### Exercise brief
Reproduce what is written in the records below exactly, and leave out the images.

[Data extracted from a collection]
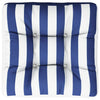 Vidaxl palletkussen gestreept 50x50x12 cm stof blauw en wit
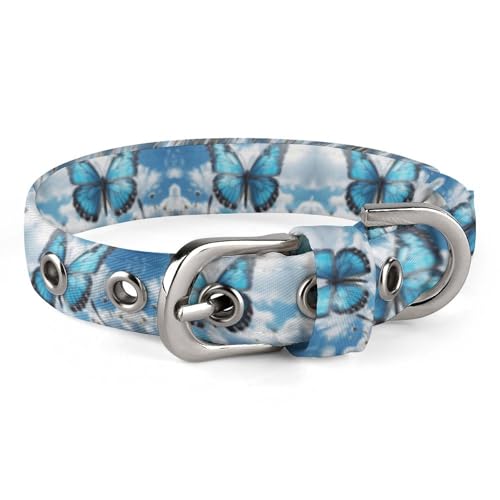 Haustierhalsband, blauer Schmetterling und Wolken, stilvolles Haustierzubehör, modisches Haustierhalsband, verstellbares Haustierhalsband, leichtes Haustierhalsband Haustierhalsband, blauer Schmetterling und Wolken, stilvolles Haustierzubehör, modisches Haustierhalsband, verstellbares Haustierhalsband, leichtes Haustierhalsband von YJWANDO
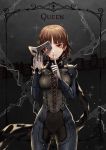  blunt_bangs bodysuit braid brown_hair card_(medium) chain corset covered_navel crown_braid gloves grey_gloves holding holding_mask index_finger_raised looking_at_viewer mask niijima_makoto persona persona_5 red_eyes short_hair signature wani_(fadgrith) 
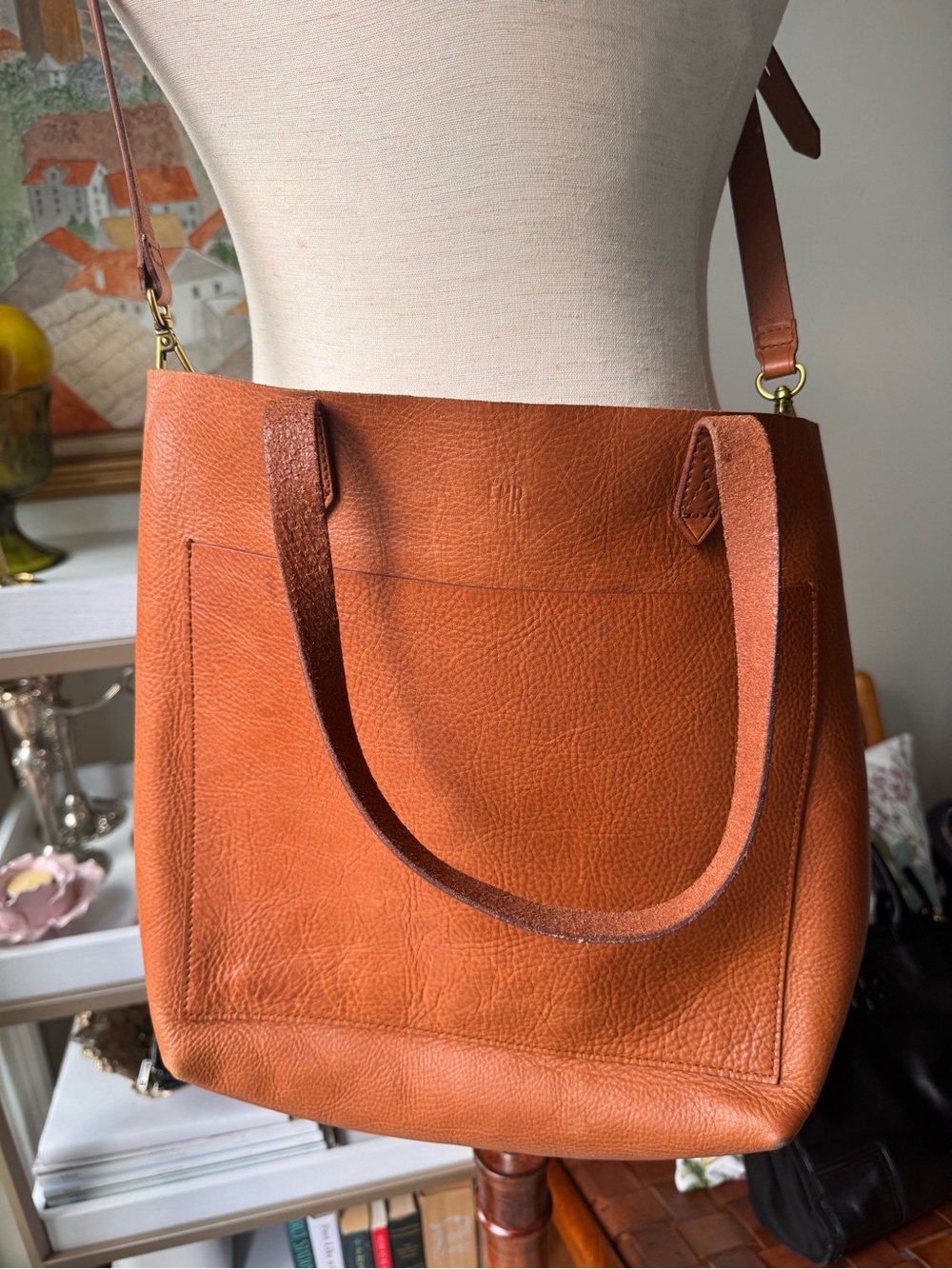 Madewell Cognac Leather Transport Tote Shoulder/Crossbody Straps work or Shop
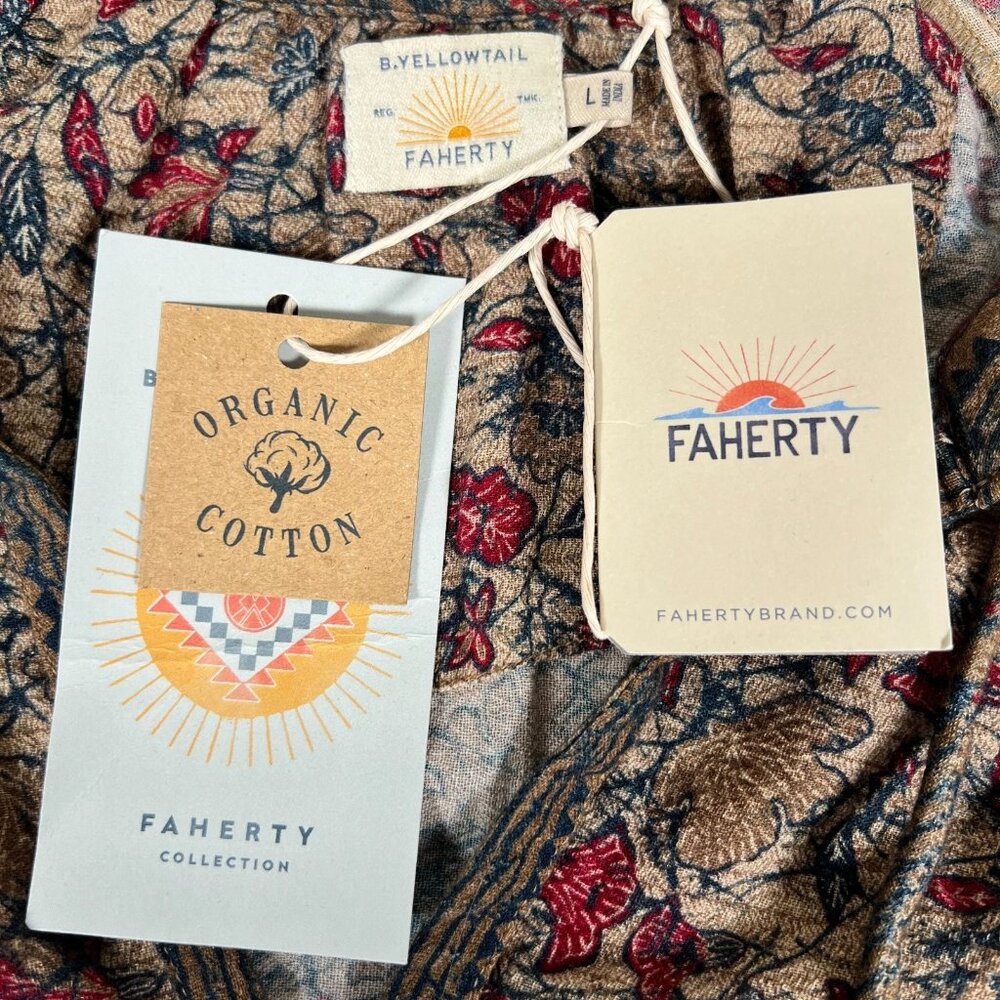 Faherty B. Yellowtail Womens Floral Ruffle Trim Bodhi Top Blouse Size L  NEW - Picture 6 of 11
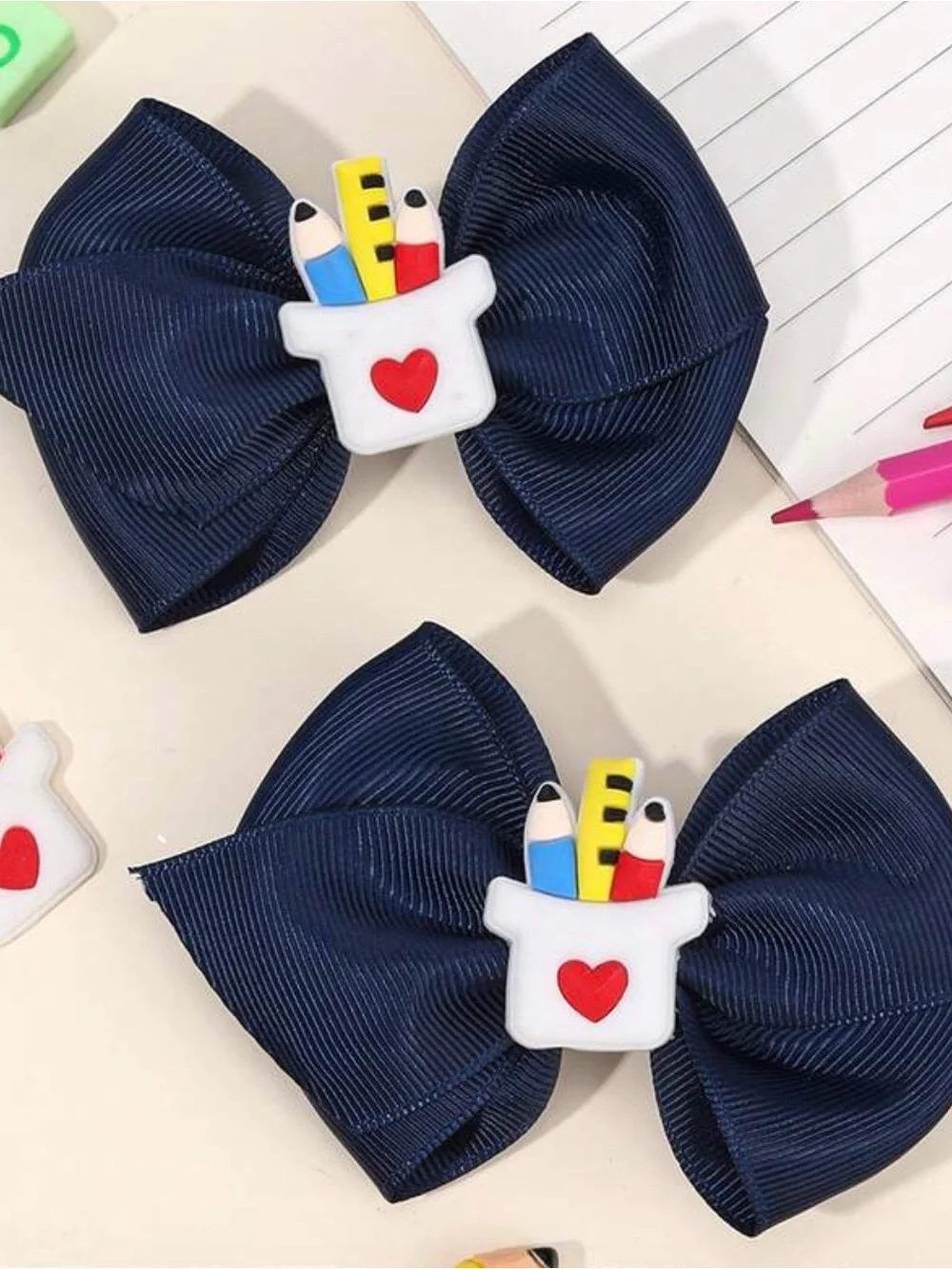 Navy Bow Hair Clips with Pencil Pot Accent - Kids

### Exercise output
 Vidaxl palletkussen gestreept 50x50x12 cm stof blauw en wit
 Haustierhalsband, blauer Schmetterling und Wolken, stilvolles Haustierzubehör, modisches Haustierhalsband, verstellbares Haustierhalsband, leichtes Haustierhalsband Haustierhalsband, blauer Schmetterling und Wolken, stilvolles Haustierzubehör, modisches Haustierhalsband, verstellbares Haustierhalsband, leichtes Haustierhalsband von YJWANDO
  blunt_bangs bodysuit braid brown_hair card_(medium) chain corset covered_navel crown_braid gloves grey_gloves holding holding_mask index_finger_raised looking_at_viewer mask niijima_makoto persona persona_5 red_eyes short_hair signature wani_(fadgrith) 
 Madewell Cognac Leather Transport Tote Shoulder/Crossbody Straps work or Shop
 Faherty B. Yellowtail Womens Floral Ruffle Trim Bodhi Top Blouse Size L  NEW - Picture 6 of 11
 Navy Bow Hair Clips with Pencil Pot Accent - Kids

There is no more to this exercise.